P1.27. BEYOND CEREBRUM AND NEUROSURGERY: A SYSTEMATIC REVIEW ON CHIARI MALFORMATION TYPE I INTEGRATING MOLECULAR AND BEHAVIORAL METHODOLOGIES
Irmak Oezdil1,2, Davide Aprile3, Christian Beste1,4,5
1 Faculty of Psychology, School of Science, TU Dresden, Dresden, Germany
2 Department of Psychotherapy and Psychosomatic Medicine, Faculty of Medicine, TU Dresden, Dresden, Germany
3 Human Technopole, Viale Rita Levi Montalcini 1, 20157 Milan, Italy
4 Cognitive Neurophysiology, Department of Child and Adolescent Psychiatry, Faculty of Medicine, TU Dresden, Dresden, Germany
5 University Neuropsychology Center, Faculty of Medicine, TU Dresden, Dresden, Germany
INTRODUCTION: Chiari malformation type 1 (CM1) radiologically defined as a caudal displacement of cerebellar tonsils exceeding 5 mm through the foramen magnum, represents the most prevalent subtype of Chiari Malformations—a group of developmental disorders characterized by congenital posterior fossa deformities. Given CM1's predominantly asymptomatic or paucisymptomatic clinical course, epidemiological data primarily reflects symptomatic cases, with prevalence traditionally estimated between 0.1% and 1%.
AIM(S): We endeavor to propose a transdisciplinary conceptualization of CM1 that illuminates the cerebellum's extensive non-motor functions.this comprehensive review synthesizes evidence from over 60 original research studies spanning genetics, genomics, neuropsychology, and neuropsychiatry.
METHOD(S): Our analysis deconstructs the genetic, familial, and environmental factors through a framework of "CM1 Equifinality" in disease pathogenesis, methodically investigating its significant co-occurrence with neurodevelopmental and psychiatric conditions—particularly autism spectrum disorder (ASD) and attention deficit hyperactivity disorder (ADHD) in both syndromic and isolated cases, where behavioral and genomic tools are consistently validating each other,
RESULTS: CM1 frequently presenting alongside functional impairments and problems with self-regulation, as further documented through combined measures of neuropsychology and functional neuroimaging.
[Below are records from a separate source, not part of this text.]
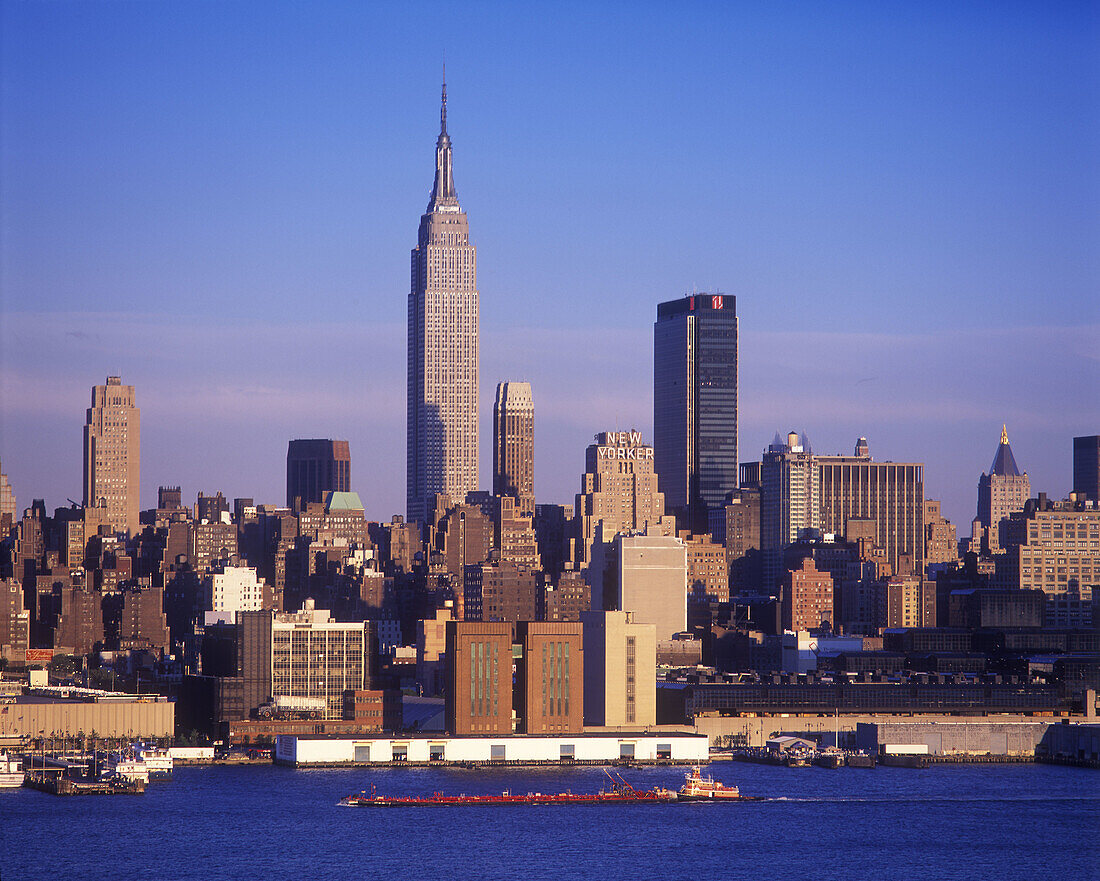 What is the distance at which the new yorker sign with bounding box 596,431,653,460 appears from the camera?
454ft

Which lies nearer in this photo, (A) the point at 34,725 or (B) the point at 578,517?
(A) the point at 34,725

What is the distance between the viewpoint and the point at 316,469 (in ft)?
474

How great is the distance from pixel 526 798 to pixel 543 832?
511 cm

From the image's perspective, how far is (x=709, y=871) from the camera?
43406 mm

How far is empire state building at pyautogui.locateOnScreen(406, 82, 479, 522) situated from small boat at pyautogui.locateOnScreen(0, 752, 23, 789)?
9630 centimetres

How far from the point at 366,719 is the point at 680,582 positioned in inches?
1349

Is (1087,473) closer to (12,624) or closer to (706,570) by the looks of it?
(706,570)

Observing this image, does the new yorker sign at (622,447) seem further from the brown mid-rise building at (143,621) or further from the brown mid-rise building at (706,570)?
the brown mid-rise building at (143,621)

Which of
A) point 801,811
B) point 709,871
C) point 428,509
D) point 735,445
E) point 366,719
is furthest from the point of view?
point 428,509

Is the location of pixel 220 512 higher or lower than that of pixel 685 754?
higher

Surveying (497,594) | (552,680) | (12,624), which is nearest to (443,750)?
(552,680)

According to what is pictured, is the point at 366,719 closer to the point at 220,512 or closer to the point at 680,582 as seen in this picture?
the point at 680,582

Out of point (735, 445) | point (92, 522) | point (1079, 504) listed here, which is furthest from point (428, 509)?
point (1079, 504)

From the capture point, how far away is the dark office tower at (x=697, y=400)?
138 meters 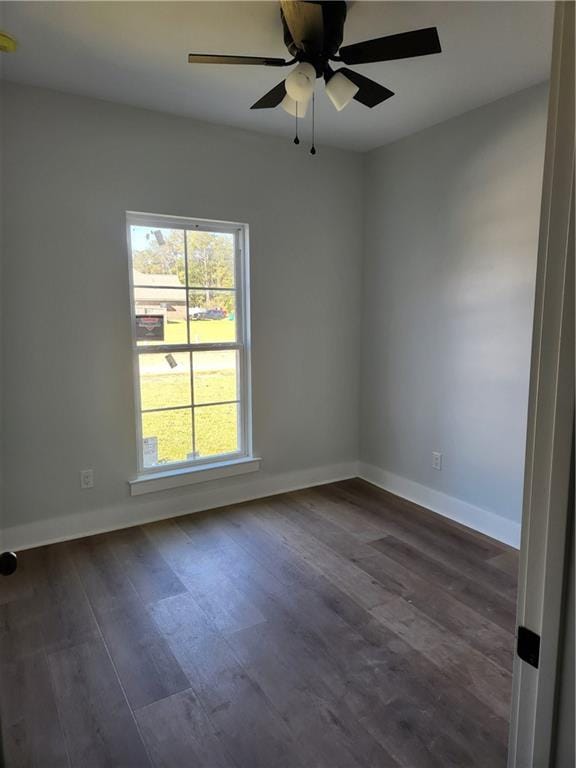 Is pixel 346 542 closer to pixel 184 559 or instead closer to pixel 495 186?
pixel 184 559

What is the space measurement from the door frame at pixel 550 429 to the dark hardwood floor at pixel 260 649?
1.04m

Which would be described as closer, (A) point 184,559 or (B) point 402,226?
(A) point 184,559

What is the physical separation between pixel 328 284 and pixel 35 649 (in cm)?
304

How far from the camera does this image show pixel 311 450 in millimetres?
3982

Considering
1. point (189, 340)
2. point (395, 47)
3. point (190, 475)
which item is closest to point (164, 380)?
point (189, 340)

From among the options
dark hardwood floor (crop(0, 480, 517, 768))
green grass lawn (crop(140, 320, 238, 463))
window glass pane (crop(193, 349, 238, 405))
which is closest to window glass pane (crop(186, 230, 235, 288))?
green grass lawn (crop(140, 320, 238, 463))

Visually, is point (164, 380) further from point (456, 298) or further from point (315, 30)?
point (315, 30)

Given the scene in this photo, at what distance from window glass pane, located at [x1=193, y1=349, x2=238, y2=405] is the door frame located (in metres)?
2.89

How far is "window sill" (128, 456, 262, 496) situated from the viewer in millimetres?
3248

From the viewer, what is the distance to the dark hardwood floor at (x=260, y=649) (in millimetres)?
1595

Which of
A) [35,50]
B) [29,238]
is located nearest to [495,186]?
[35,50]

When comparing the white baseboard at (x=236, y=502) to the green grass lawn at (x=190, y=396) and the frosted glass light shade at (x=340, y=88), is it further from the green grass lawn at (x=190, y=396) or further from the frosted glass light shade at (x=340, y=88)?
the frosted glass light shade at (x=340, y=88)

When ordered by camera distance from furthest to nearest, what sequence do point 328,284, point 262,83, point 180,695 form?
point 328,284 → point 262,83 → point 180,695

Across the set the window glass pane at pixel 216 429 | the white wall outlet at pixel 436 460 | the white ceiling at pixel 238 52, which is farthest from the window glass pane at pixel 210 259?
the white wall outlet at pixel 436 460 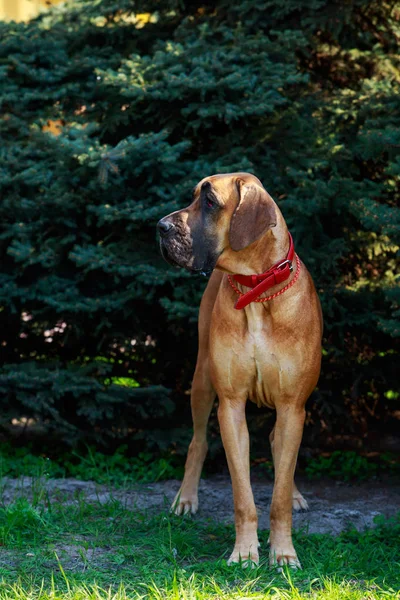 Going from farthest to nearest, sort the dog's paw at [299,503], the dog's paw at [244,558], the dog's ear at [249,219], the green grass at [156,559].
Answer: the dog's paw at [299,503] < the dog's paw at [244,558] < the dog's ear at [249,219] < the green grass at [156,559]

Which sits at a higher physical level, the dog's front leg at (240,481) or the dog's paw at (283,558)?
the dog's front leg at (240,481)

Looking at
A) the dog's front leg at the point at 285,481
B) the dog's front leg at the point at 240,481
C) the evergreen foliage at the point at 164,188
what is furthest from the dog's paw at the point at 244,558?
the evergreen foliage at the point at 164,188

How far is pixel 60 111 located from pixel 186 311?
6.53 feet

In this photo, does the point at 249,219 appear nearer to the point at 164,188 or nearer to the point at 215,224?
the point at 215,224

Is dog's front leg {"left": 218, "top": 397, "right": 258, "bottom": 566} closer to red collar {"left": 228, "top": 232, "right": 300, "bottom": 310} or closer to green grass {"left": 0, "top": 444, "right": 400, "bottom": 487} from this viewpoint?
red collar {"left": 228, "top": 232, "right": 300, "bottom": 310}

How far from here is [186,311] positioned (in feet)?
18.2

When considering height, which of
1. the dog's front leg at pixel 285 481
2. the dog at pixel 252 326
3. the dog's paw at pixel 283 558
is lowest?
the dog's paw at pixel 283 558

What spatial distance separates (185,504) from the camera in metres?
5.02

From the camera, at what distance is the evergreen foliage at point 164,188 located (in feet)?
18.7

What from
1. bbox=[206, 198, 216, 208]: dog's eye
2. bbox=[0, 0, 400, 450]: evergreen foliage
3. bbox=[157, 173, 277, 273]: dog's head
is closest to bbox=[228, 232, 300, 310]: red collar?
bbox=[157, 173, 277, 273]: dog's head

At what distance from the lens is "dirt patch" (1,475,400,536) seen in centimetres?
496

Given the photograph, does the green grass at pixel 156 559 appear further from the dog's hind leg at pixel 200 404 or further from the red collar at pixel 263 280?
the red collar at pixel 263 280

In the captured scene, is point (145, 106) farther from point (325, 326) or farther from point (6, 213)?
point (325, 326)

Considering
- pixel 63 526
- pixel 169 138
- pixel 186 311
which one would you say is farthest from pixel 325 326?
pixel 63 526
CONCLUSIONS: With this work, we want to emphasize the critical need for psychiatric monitoring, neuropsychological interventions, and psychotraumatological implications in high-risk pediatric populations for CM1 within the general population. We also want to highlight how CM1 represents a unique model of study integrating developmental biology, cognition, and psychiatry through a cerebellar lens. We propose CblOs as a potential tool foreseeing the use of 3D in vitro models to recapitulate the cellular and molecular features of ASD and ADHD in CM1.